Understanding the Appraisal Process
Whether you’re buying, selling, refinancing or pursuing a reverse mortgage, you can expect to encounter the home appraisal process along the way. It’s a critical, but often unfamiliar, experience with significant consequences for your goal.
Eliminating the mystery of the factors that determine an appraisal, why it’s required, and how it can impact your transaction will go a long way toward reducing the stress that they can add to your situation.
The Appraisal Process
In addition to thoroughly vetting the creditworthiness of their clients, mortgage lenders want the protection of knowing what a home is really worth. Similarly, buyers want to avoid overpaying for a property. The solution comes via a professional real estate appraiser.
These independent individuals use a uniform, comprehensive approach to develop an estimate without influence from the lender, buyer, or homeowner. They review the property in question, the recent sales prices of similar homes, and use the data to calculate an appraised value.
Since their opinion can limit the lending amount available on a particular house, it’s critical to understand how they come to their decision. Even buyers with considerable down payments can be impacted by a low appraisal, as they may need to make up the difference, in addition to meeting the loan’s down payment threshold.

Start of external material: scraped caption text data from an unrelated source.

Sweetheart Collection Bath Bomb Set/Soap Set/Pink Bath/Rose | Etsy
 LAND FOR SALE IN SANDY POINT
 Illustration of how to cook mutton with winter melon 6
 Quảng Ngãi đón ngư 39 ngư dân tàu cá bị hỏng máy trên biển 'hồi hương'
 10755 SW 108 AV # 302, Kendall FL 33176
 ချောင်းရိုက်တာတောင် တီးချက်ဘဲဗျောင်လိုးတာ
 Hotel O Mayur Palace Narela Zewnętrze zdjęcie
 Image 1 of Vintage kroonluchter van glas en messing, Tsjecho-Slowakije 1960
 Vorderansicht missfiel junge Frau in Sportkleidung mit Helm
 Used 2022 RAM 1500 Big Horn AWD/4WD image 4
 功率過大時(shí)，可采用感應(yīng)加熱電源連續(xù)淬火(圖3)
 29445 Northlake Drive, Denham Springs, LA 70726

An appraisal begins with an assessment of the subject property. The appraiser will document the home’s size and condition. Of course, this includes information like the number of bedrooms and bathrooms. However, it will also take into account the functionality of the layout, the size of the lot, and improvements such as swimming pools or efficiency upgrades.
They will also consider the characteristics of the neighborhood. Its boundaries, number of other homes for sale, and amount of undeveloped or commercial land will all play a role in identifying the area as on the rise or in decline.
With a clear picture of the property being valued, the appraiser will search for similar homes that have sold recently, preferably in the last six months. Starting with the sales price for three or more of these properties, adjustments are then made based on the previous information gathered. Features that are an improvement over the comparable home result in an increase, while weaknesses will decrease the price.
For each of the similar properties, the appraiser will reach an adjusted value for the subject home. Finally, the multiple adjusted values will be used to form a final appraisal value, which will be the number your lender will rely on to make decisions about your borrowing options.
In some cases, the appraiser may also use a cost approach, relying on the land value and the current cost to rebuild the home to complete the estimate. Investment properties may also warrant an income approach to the valuation where the appraisal considers the rental income that a property would likely produce.